15.2 Performance Considerations | WebDAV. Next Generation Collaborative Web Authoring

Whenever the WebDAV repository will be accessed over the Internet or by a large number of users, performance considerations are important. Many tricks that improve performance also improve scalability and vice versa, so don't ignore one if the other is important.

Improving server performance is an art, but it's an art that depends more on programming choices (language, thread and memory management, and data lookup and caching) than on protocol usage choices. In other words, designing a high-performance WebDAV server is a lot like designing any other Internet server. Besides, not many implementors will write their own WebDAV server from scratch. So I'll ignore the server implementation performance considerations and refer readers to language-specific resources like [Bulka00].

The usual WebDAV performance problem isn't slow servers, it's inefficient clients. Clients that make more requests and more roundtrips than are needed not only slow their own performance, but they also make demands of the server that may affect other clients and the server's performance overall. There's very little the WebDAV server implementor or administrator can do about a client that makes more requests than it needs to.

WebDAV was designed to minimize roundtrips because the latency of an HTTP request across the open Internet is high enough to get quite painful if repeated.

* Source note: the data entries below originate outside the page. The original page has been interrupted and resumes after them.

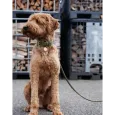 Collier pour Chien en Cuir Kaki - Élégance & Intemporalité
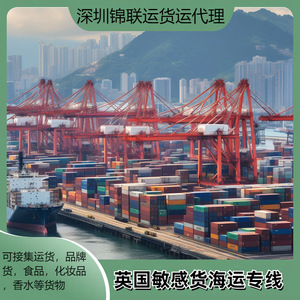 Logistique de fret de Shenzhen : Ligne dédiée Royaume-Uni pour trotteurs pour bébés, expédition maritime porte-à-porte avec dédouanement - Product Image 2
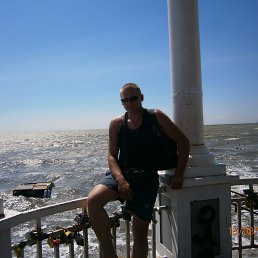 �������, ��������, 41 ���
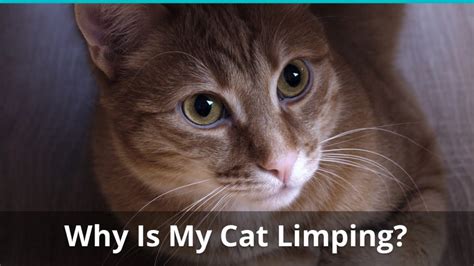 She is still happily eating and drinking. Why Your Cat Might Be Limping On It's Front Or Hind Leg ...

Early Web browser designers discovered this once Web page authors started putting a dozen small images (icons, bullets, logos) in a Web page [Padmanabhan95]. If the Web browser downloads the HTML document, then makes a request for the first image and waits for a response before asking for the second image, the document takes at least 2 x (n + 1) x L seconds to load, where n is the number of images and L is the latency, or number of seconds it takes for a short message to arrive at its destination. Some HTTP mechanisms were designed to alleviate the latency cost.

15.2.1 Minimizing Unnecessary Requests

There are a number of ways to reduce roundtrips, and one of them is simply to think carefully whether each request is really required, or whether multiple requests can be combined.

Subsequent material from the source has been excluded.